Deep Learning to Fight Crime

We look at how using Deep Learning, Spark, and H2O Machine Learning platform can be used to analyze and predict crime in San Francisco and Chicago.

By Alex Tellez & Michal Malohlava,

We’ve seen some incredible applications of Deep Learning with respect to image recognition and machine translation. But recently we wanted to know if we could create a specific application that has to do with public safety; in particular, how Deep Learning can be used to fight crime in the forward-thinking cities of San Francisco and Chicago.

The cool thing about these two cities (and many others) is that they are both open data cities, which means anybody can access city data, ranging from transportation, building maintenance records, utility usage and 911 dispatches. So, if you are a data scientist or thinking about becoming a data scientist, there are publicly available city-specific datasets you can play with.

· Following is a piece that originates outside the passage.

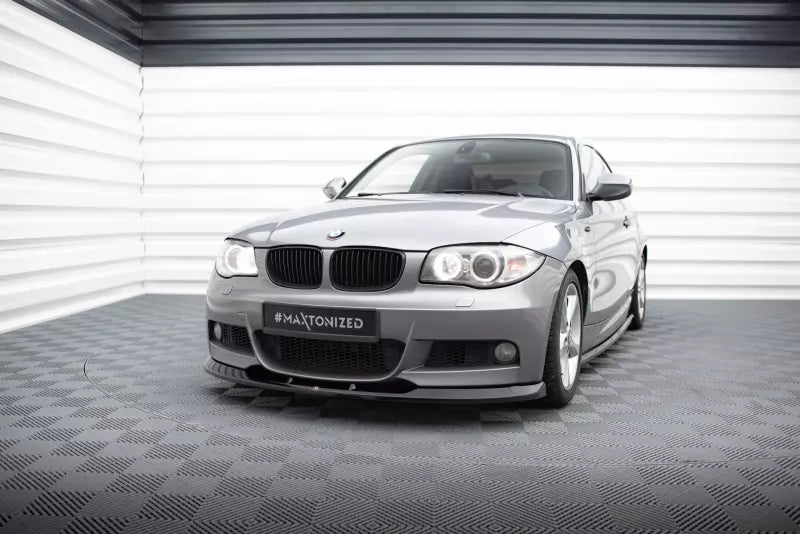 Maxton Design Frontlippe V.2 für BMW 1er M-Paket E82 Hochglanz schwarz – Ansicht 1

For this example, we looked at the historical crime data sets from both Chicago and San Francisco. To give us a more rounded data set, we then joined this data with other sources including, weather and US Census data, using Spark’s SQL context.

H2O + Spark Workflow

Figure 1: Spark + H2O Workflow

We do the data import, ad-hoc data munging (parsing the date column, for example), and joining of tables by leveraging the power of Spark and then publish the Spark RDD as an H2O Frame.

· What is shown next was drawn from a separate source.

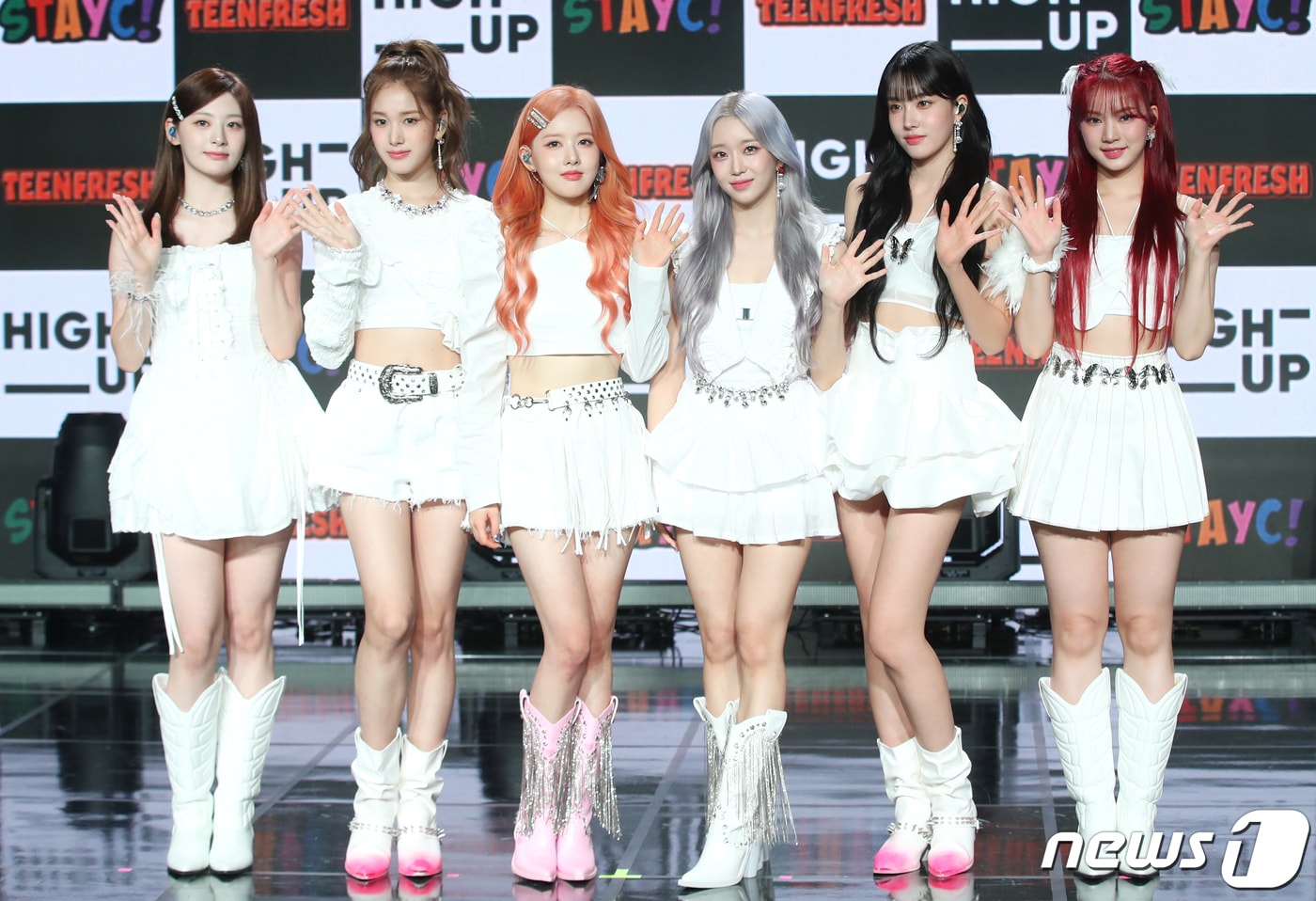 그룹 스테이씨(STAYC)의 세은(왼쪽부터)과 재이, 시은, 수민, 윤,아이사 ⓒ News1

Fig. 2 and 3 include some cool visualizations we made from the joined table, provided by the Flow framework as part of our latest H2O product, which you can download here.

Crime in San Francisco

Figure 2: San Francisco crime visualizations

  Crime in Chicago

Figure 3: Chicago crime visualizations


Interestingly enough, in BOTH cities crime seems to occur most frequently during the winter - a surprising fact given how cold the weather gets in Chicago! We also discovered that the times when you don’t want to be on the streets – that is when the majority of crimes occurred – was at midnight, noon and 6pm.